Sekitar 5 tahun lalu, si A (yang baru menyadari serunya dunia fotografi digital) memutuskan untuk fokus pada dunia fotografi. Hampir sebagian penghasilannya dari bekerja, dia pakai untuk membeli peralatan fotografi. Ya, hobinya sedang berkuasa atas pleasure-nya saat itu. Sampai pada akhirnya dia memutuskan untuk membuat hobinya itu jadi duit. Mulailah dia turun mencari project foto sana sini, dari segala sektor dia hajar, baik wedding photo, kuliner, street photo, hingga editorial (fotojurnalisme).
Sampai pada akhirnya dia berhenti pada satu fokus, dimana menurutnya, itulah passion foto miliknya. Dari situ, dia sempat mendapat penghasilan sampingan yang cukup lumayan, bahkan kadang melebihi gaji pekerjaannya.
Itu cerita si A. Lalu ada lagi si B. Sama seperti si A, dia mulai menyukai foto dari era digitalisasi, dimana jepret sana sini hanya semudah pencet jari di atas tombol shutter. Setelah dia mengenal dunia microstock, kemudian dia memutuskan untuk berfokus menjadi kontributor foto pada salah satu website jual-beli karya foto. Sempat juga suatu ketika penghasilannya menyamai gajinya.
Namun setelah lima tahun, ternyata A dan B sudah tidak lagi menjadi fotografer. Peralatannya sudah berjamur karena jarang dipakai dan beberapa bahkan sudah dijual. Berbeda dengan si C dan D. Namun kisah si C dan D ini tidak dilatarbelakangi dari memanfaatkan peluang. Bisnis fotografi si C dan D justru berjalan di luar peluang yang sedang muncul.
Si C pada dasarnya adalah seorang penulis warta atau jurnalis. Namun dia perlahan mempelajari bagaimana supaya kisah yang menarik yang ditulisnya bisa menjadi sebuah visualisasi foto yang dramatis. Dari situlah dia mulai memotret kejadian-kejadian yang berkaitan dengan dunia jurnalisme. Dan lima tahun kemudian, dia sudah menjadi jurnalis dengan honor dari menulis dan foto. Ya, dia sukses menjadi fotojurnalis dan content writer.

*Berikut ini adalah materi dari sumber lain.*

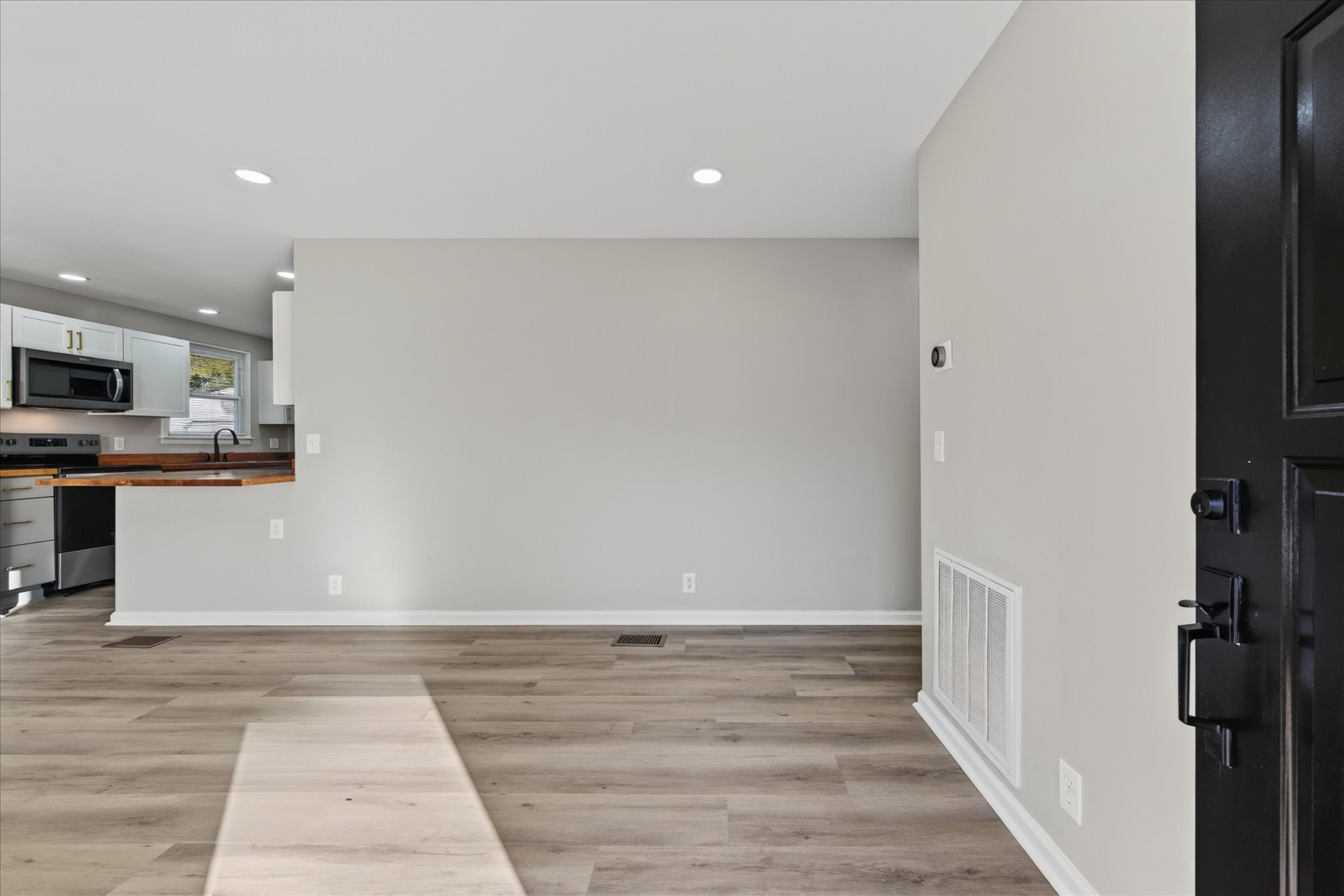 819 Country Club Dr Property Photo 5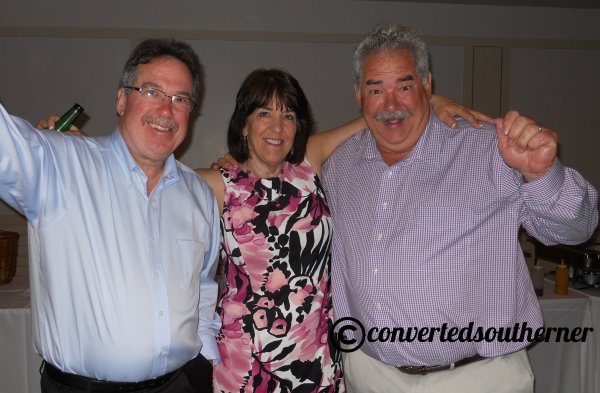 My Dad, Aunt Wen and my Uncle Bri (he was the father of the groom)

Kemudian si D, awalnya adalah penyuka binatang. Dari situ dia banyak belajar melihat hewan-hewan yang eksotik, indah, dan juga bisa tampak rupawan seperti manusia yang cantik dan ganteng. Mulailah si D melakukan pemotretan eksplorasi atas dunia hewan dan lingkungan. Dan lima tahun kemudian si D sudah menjadi koresponden di National Gepgraphic dengan hasil ribuan US$.
Turn over
Maka tampak bahwa ada tipikal fotografer yang memandang dari sisi oportunitas dan ada yang melihatnya sebagai sebuah jalan untuk pengembangan diri. Dan ternyata, mereka yang menggunakan fotografi sebagai jalan untuk pengembangan diri tampak malah terus berkembang. Sementara yang oportunis, seperti grafik yang terjun bebas, dari tinggi ke rendah.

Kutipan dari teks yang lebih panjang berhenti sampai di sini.